Sunday 6 September 2015

This is What Happy Looks Like | Book Review

This is What Happy Looks Like by Jennifer E. Smith

Published: April 2nd 2013 by Headline

Goodreads summary: If fate sent you an email, would you answer? 

When teenage movie star Graham Larkin accidentally sends small town girl Ellie O'Neill an email about his pet pig, the two seventeen-year-olds strike up a witty and unforgettable correspondence, discussing everything under the sun, except for their names or backgrounds. 

Then Graham finds out that Ellie's Maine hometown is the perfect location for his latest film, and he decides to take their relationship from online to in-person. But can a star as famous as Graham really start a relationship with an ordinary girl like Ellie? And why does Ellie want to avoid the media's spotlight at all costs.

REVIEW

For this book, the title won't play trick you. This is exactly what it is about: make the reader happy. This is the kind of book that reminded me why I love reading so much: because I want to have a smile on my face while I read, and to be happy that I read it. This is a cute contemporary, perfect for summer time, really.
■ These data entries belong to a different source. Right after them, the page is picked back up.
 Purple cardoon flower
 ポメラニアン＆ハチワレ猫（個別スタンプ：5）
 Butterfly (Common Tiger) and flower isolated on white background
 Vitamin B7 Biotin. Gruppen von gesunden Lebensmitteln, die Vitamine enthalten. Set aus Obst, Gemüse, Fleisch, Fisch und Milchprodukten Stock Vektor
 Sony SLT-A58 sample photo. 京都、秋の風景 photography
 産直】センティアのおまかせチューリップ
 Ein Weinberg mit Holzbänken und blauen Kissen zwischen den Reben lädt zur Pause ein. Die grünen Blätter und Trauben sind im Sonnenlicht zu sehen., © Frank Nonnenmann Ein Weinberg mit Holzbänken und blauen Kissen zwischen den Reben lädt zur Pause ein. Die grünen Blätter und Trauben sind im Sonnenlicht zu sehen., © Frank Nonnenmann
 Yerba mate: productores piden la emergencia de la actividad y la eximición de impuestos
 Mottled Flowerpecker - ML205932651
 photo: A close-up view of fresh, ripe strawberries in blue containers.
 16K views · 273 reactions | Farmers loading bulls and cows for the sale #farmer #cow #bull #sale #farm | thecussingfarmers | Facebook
I really liked the premise of this book, how it was just luck that made the two characters starting talking to each other. Both of them had their own personalities and their own secrets, they were very realistic. On one hand, Ellie has reasons of her own not to want to be in the spotlight, because of her past. I enjoyed that aspect of the story, because it made the book more important than the romance: family, but also friendship, are important, it's still sometimes ignored in YA. 

On the other hand, we saw Graham struggling with his celebrity (of course, it's a classic, but it's something I love reading about) and his ordinary life, like how to interact with his parents now that he lived alone at seventeen. The way Jennifer E. Smith talked about celebrity, with its scandals and everything else felt true. Honestly, I cried a little at the end, because it was so beautiful. 

Of course, some people will say this book was predictable and that the situation was a little unrealistic - which explains why it won't be a 5 stars book - but that's why we love to read that kind of book, don't we? Because it makes us happy and confident in ourselves in humanity.